Phonation mode is an expressive aspect of the singing voice and can be described using the four categories neutral, breathy, pressed and flow. Previous attempts at automatically classifying the phonation mode on a dataset containing vowels sung by a female professional have been lacking in accuracy or have not sufficiently investigated the characteristic features of the different phonation modes which enable successful classification. In this paper, we extract a large range of features from this dataset, including specialised descriptors of pressedness and breathiness, to analyse their explanatory power and robustness against changes of pitch and vowel. We train and optimise a feed-forward neural network (NN) with one hidden layer on all features using cross validation to achieve a mean F-measure above 0.85 and an improved performance compared to previous work. Applying feature selection based on mutual information and retaining the nine highest ranked features as input to a NN results in a mean F-measure of 0.78, demonstrating the suitability of these features to discriminate between phonation modes. Training and pruning a decision tree yields a simple rule set based only on cepstral peak prominence (CPP), temporal flatness and average energy that correctly categorises 78% of the recordings.

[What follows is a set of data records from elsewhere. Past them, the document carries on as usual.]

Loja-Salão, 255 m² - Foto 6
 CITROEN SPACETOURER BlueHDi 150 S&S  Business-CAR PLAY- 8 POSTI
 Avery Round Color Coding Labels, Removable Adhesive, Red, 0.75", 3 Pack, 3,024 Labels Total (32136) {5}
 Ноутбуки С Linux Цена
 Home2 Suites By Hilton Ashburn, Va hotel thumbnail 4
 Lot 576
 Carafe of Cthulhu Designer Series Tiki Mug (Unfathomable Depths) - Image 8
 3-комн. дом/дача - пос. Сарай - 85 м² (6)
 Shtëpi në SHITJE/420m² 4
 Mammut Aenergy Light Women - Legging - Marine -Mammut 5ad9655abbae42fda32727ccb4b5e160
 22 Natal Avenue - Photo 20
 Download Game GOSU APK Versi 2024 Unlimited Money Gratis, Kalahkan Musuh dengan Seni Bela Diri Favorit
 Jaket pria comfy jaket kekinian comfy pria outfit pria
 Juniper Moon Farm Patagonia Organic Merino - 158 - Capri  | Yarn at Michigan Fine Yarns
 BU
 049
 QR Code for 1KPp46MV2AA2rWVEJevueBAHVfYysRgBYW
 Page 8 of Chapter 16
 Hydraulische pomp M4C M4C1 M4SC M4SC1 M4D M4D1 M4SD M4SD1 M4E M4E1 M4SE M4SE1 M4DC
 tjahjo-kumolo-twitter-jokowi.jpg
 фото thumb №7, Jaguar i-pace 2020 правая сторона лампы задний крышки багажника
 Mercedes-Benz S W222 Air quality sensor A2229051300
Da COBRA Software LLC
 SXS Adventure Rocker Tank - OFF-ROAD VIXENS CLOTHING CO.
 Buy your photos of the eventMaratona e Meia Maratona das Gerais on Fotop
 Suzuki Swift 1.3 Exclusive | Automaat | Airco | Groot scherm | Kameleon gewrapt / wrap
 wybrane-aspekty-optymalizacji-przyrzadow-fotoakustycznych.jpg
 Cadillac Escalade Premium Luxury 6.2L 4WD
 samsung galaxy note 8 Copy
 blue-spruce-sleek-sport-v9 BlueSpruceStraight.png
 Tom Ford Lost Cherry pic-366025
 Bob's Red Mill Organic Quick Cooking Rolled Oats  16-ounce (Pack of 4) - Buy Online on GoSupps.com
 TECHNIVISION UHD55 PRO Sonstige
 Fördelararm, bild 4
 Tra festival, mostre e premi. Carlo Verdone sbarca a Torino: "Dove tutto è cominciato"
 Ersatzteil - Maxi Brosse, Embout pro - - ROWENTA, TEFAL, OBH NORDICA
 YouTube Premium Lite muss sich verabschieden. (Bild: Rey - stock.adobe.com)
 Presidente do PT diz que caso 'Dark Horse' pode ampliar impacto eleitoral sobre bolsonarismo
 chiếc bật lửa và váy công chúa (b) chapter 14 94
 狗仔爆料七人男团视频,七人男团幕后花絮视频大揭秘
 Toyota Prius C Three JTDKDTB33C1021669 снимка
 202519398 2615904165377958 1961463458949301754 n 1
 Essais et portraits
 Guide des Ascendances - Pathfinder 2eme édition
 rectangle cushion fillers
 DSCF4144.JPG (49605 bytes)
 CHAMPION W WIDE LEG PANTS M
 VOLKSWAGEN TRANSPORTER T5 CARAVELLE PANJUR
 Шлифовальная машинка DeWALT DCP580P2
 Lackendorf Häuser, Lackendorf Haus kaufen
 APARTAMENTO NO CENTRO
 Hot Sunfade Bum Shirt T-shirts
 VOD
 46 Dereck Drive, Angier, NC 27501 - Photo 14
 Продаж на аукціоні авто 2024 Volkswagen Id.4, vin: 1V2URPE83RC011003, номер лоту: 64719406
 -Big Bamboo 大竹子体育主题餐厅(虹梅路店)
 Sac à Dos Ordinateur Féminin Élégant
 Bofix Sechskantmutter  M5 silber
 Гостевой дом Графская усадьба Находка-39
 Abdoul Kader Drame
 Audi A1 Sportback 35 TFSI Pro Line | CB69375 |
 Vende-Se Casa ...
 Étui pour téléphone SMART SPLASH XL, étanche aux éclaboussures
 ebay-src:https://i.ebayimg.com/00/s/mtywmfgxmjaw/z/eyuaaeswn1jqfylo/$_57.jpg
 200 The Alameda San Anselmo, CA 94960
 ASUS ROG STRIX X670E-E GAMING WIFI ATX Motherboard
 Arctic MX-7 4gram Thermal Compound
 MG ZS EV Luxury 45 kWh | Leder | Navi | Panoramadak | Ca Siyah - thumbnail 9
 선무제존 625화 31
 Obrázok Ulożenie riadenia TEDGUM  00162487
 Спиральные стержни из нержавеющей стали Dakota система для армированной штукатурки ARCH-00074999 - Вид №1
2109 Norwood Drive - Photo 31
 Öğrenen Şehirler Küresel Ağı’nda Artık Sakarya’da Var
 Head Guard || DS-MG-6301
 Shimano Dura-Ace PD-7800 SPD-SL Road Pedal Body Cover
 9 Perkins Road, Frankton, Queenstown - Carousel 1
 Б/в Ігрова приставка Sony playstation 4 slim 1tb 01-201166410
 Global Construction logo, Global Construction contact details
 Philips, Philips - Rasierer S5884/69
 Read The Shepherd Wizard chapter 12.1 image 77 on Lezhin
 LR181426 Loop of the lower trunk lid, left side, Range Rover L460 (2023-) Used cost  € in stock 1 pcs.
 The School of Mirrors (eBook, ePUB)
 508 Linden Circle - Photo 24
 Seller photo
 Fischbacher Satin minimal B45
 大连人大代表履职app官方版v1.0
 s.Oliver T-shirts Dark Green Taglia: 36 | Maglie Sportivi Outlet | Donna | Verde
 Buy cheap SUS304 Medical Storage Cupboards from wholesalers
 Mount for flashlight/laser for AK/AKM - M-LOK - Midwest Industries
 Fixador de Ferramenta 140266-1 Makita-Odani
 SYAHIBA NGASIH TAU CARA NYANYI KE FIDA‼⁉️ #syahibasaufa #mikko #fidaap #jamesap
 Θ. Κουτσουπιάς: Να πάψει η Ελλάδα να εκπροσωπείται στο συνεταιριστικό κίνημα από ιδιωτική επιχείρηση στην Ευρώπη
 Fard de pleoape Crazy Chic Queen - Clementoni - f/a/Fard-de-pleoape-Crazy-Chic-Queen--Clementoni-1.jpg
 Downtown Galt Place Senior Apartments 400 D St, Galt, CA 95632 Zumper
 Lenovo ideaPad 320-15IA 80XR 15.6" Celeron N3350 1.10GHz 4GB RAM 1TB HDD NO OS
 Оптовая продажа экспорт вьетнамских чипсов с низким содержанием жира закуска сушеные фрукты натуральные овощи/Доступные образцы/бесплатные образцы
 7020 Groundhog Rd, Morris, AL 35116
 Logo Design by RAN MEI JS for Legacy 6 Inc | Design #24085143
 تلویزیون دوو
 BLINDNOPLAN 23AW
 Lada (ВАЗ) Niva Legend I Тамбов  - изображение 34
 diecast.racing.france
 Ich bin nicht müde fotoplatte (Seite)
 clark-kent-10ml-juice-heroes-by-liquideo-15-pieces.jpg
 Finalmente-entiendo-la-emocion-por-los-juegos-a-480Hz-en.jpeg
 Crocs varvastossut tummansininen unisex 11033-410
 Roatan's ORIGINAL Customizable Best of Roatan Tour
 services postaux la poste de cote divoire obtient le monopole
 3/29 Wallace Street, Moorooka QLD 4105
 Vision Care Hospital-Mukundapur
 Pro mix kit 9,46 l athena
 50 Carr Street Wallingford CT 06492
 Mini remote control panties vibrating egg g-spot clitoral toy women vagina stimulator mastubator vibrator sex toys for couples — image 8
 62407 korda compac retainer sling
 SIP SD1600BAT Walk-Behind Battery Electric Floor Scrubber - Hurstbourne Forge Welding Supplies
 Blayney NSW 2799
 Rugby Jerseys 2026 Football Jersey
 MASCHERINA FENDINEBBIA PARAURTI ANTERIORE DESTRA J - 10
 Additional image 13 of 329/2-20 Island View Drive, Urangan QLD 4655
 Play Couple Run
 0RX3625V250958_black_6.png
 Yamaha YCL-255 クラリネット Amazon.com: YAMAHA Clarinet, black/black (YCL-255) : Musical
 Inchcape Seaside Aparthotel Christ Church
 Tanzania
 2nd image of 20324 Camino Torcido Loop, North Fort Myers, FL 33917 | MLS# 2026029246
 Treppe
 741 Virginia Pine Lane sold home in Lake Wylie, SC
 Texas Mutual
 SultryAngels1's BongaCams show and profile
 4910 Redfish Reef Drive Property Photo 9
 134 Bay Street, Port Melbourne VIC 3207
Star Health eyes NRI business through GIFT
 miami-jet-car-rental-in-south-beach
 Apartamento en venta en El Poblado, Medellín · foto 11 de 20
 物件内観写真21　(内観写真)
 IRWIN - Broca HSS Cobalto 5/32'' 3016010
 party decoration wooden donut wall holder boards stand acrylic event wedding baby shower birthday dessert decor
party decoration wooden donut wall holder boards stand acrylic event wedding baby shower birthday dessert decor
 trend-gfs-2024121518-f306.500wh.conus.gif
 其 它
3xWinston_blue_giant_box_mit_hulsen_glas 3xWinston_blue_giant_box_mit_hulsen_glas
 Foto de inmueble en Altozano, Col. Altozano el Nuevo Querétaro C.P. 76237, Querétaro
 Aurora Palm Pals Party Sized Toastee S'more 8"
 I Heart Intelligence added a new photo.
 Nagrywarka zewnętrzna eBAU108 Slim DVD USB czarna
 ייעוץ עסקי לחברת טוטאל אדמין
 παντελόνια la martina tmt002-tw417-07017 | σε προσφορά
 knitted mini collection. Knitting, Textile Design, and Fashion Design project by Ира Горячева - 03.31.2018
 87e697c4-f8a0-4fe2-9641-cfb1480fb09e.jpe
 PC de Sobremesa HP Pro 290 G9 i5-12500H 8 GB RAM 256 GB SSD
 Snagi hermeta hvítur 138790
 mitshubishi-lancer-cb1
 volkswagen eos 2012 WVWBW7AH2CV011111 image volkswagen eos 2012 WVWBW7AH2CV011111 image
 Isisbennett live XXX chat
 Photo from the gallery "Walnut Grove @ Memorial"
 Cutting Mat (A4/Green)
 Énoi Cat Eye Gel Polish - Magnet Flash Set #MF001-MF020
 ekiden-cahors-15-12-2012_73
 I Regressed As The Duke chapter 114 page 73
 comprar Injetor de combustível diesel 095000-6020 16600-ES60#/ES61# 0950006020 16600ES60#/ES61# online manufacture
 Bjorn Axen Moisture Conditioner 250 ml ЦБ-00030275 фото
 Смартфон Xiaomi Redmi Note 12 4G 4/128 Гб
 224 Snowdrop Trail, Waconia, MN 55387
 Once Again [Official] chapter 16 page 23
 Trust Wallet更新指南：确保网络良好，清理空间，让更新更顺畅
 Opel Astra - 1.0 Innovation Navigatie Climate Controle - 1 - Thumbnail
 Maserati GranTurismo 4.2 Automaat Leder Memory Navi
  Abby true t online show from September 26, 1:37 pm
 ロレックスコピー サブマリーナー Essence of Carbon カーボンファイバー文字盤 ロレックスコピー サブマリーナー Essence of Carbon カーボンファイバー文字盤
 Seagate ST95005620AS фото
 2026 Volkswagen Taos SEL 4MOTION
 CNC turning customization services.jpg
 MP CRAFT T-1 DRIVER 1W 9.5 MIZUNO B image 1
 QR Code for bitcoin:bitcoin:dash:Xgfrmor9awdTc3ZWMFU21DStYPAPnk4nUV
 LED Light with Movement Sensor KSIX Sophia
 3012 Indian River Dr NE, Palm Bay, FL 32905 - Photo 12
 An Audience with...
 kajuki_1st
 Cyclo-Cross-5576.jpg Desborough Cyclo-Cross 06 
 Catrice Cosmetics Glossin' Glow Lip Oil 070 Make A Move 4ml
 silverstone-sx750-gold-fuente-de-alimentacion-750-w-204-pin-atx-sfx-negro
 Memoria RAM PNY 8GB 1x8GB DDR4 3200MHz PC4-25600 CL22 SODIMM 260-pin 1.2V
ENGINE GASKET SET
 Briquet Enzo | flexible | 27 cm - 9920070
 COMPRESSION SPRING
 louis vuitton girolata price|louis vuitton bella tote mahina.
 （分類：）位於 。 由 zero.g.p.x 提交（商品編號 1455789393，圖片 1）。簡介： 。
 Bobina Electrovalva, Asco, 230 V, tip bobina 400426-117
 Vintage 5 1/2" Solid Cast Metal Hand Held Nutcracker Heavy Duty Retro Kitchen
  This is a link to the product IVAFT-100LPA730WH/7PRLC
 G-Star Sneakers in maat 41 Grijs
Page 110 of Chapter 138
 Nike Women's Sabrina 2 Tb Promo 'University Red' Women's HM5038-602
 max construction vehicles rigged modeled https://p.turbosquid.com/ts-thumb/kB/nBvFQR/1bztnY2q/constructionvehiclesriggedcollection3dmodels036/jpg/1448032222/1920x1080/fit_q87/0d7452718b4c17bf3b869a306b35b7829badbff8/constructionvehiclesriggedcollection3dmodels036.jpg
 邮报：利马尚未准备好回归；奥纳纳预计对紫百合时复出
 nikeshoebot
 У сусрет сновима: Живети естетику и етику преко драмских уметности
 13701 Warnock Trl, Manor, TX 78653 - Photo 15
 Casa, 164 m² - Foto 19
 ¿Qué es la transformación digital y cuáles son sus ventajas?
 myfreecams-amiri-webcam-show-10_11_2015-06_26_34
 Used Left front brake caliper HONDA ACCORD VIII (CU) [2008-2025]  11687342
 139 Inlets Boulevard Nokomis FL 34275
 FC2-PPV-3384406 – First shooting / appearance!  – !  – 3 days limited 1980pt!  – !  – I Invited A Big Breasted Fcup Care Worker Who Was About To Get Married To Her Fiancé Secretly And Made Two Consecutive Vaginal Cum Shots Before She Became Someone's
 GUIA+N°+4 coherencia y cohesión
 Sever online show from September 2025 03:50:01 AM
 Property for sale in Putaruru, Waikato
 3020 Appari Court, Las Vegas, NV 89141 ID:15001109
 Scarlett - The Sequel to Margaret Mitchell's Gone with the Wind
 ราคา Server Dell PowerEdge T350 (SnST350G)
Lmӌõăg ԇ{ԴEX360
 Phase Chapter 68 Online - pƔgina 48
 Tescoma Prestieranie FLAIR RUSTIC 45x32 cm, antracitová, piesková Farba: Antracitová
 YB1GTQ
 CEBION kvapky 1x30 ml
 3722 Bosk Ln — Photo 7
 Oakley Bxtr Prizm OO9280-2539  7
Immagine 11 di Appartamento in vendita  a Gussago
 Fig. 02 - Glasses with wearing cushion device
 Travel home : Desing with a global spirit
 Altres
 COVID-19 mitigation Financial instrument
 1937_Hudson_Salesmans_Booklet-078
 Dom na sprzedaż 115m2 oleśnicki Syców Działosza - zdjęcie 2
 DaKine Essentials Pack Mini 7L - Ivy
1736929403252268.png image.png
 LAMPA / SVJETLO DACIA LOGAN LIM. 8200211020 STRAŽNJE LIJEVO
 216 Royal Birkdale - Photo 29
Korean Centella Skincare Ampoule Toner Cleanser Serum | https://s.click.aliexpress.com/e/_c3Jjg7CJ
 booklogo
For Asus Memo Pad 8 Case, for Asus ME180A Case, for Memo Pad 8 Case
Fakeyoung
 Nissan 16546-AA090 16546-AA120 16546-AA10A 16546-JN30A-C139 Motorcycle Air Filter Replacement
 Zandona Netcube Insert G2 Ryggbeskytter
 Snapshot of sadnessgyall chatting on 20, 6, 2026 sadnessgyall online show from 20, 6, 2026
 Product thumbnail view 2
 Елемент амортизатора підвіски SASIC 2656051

Impact of Frame Size and Instrumentation on Chroma-Based Automatic Chord Recognition

Daniel Stoller, Matthias Mauch, Igor Vatolkin, Claus Weihs

Data Science, Learning by Latent Structures, and Knowledge Discovery • 2015

Show abstract

This paper presents a comparative study of classification performance in automatic audio chord recognition based on three chroma feature implementations, with the aim of distinguishing effects of frame size, instrumentation, and choice of chroma feature. Until recently, research in automatic chord recognition has focused on the development of complete systems. While results have remarkably improved, the understanding of the error sources remains lacking. In order to isolate sources of chord recognition error, we create a corpus of artificial instrument mixtures and investigate (a) the influence of different chroma frame sizes and (b) the impact of instrumentation and pitch height. We show that recognition performance is significantly affected not only by the method used, but also by the nature of the audio input. We compare these results to those obtained from a corpus of more than 200 real-world pop songs from The Beatles and other artists for the case in which chord boundaries are known in advance.